(Image-text web data)
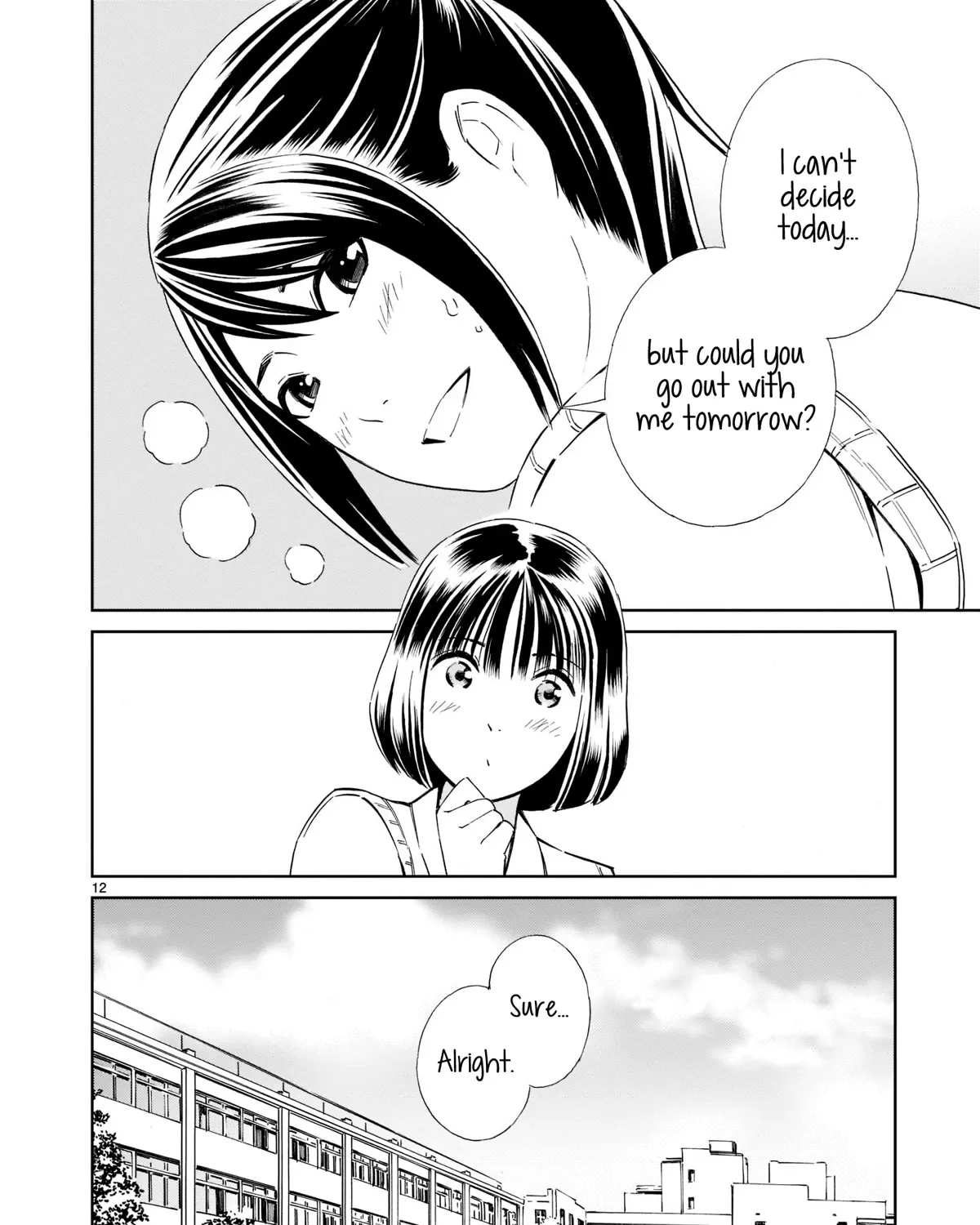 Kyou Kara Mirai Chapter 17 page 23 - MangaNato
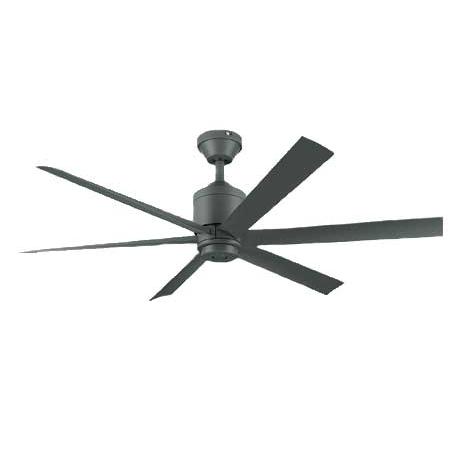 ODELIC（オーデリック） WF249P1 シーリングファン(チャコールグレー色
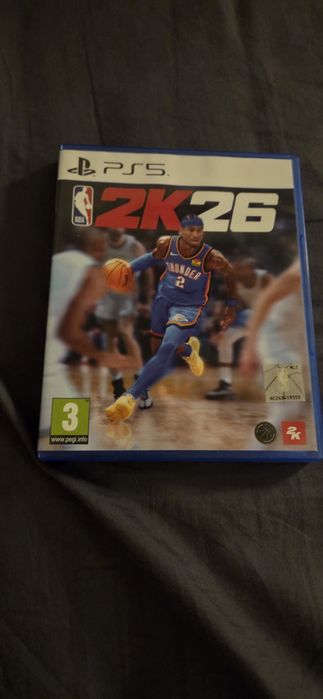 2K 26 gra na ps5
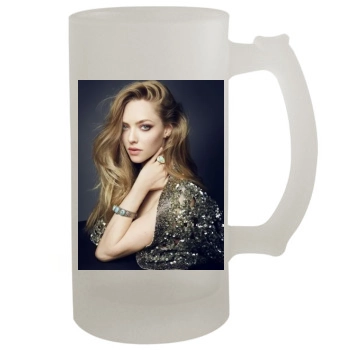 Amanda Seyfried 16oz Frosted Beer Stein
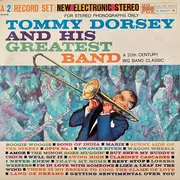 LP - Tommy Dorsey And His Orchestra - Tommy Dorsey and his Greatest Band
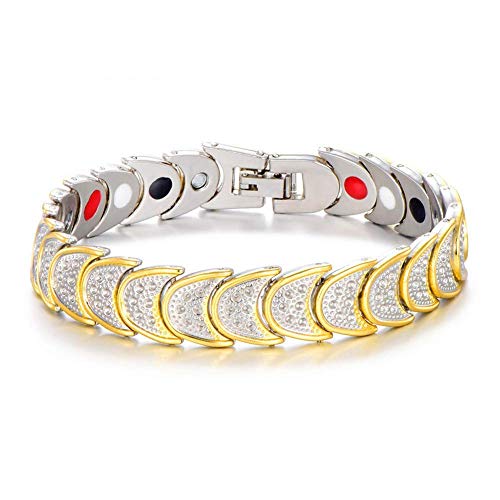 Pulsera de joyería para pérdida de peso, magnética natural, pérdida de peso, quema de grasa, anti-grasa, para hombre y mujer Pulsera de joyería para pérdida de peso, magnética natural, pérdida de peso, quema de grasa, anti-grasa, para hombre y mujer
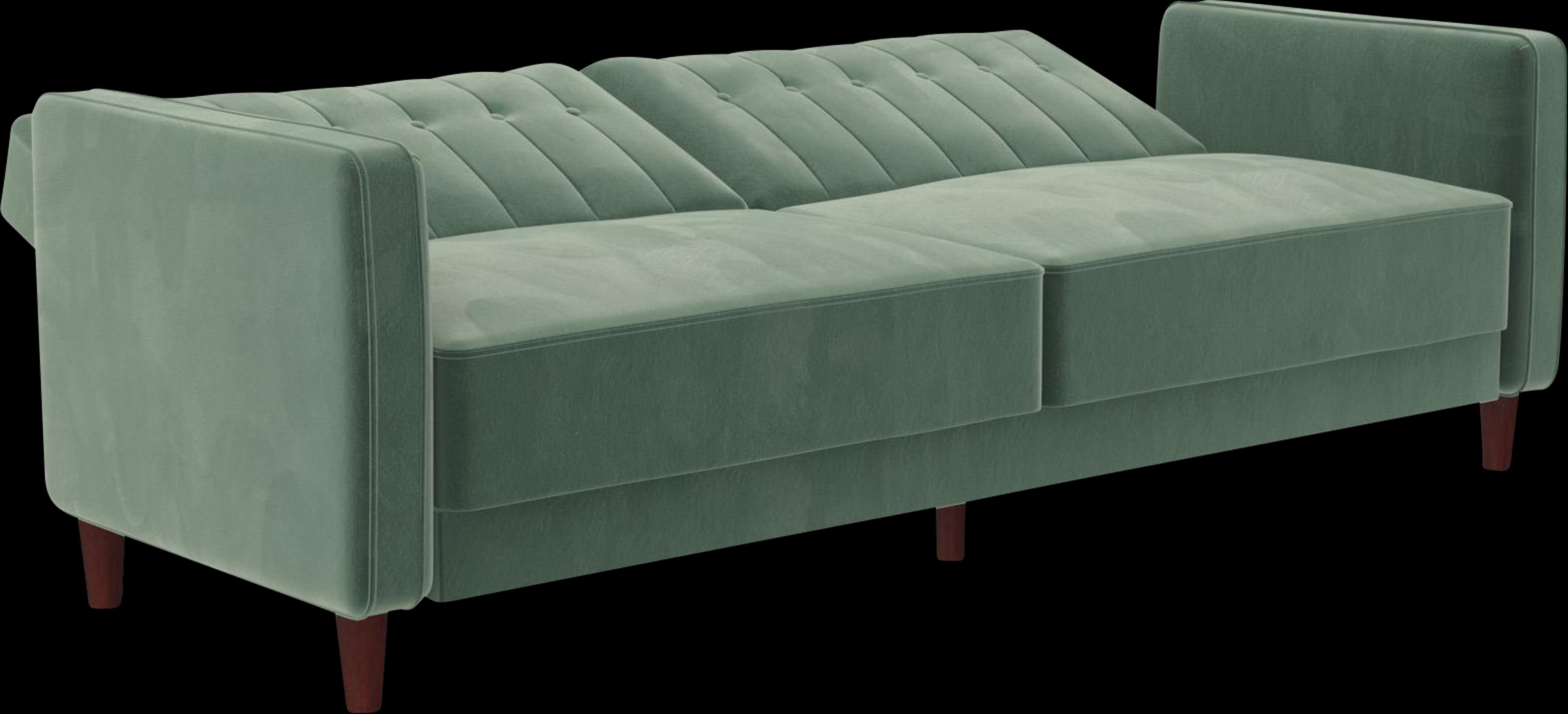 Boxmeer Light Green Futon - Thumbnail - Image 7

• [Task] Return word for word the line bearing "Amanda Seyfried 16oz Frosted Beer Stein" and every later line of the entries, but none of the pictures.

• [Problem solution]
 Amanda Seyfried 16oz Frosted Beer Stein
 LP - Tommy Dorsey And His Orchestra - Tommy Dorsey and his Greatest Band
 Pulsera de joyería para pérdida de peso, magnética natural, pérdida de peso, quema de grasa, anti-grasa, para hombre y mujer Pulsera de joyería para pérdida de peso, magnética natural, pérdida de peso, quema de grasa, anti-grasa, para hombre y mujer
 Boxmeer Light Green Futon - Thumbnail - Image 7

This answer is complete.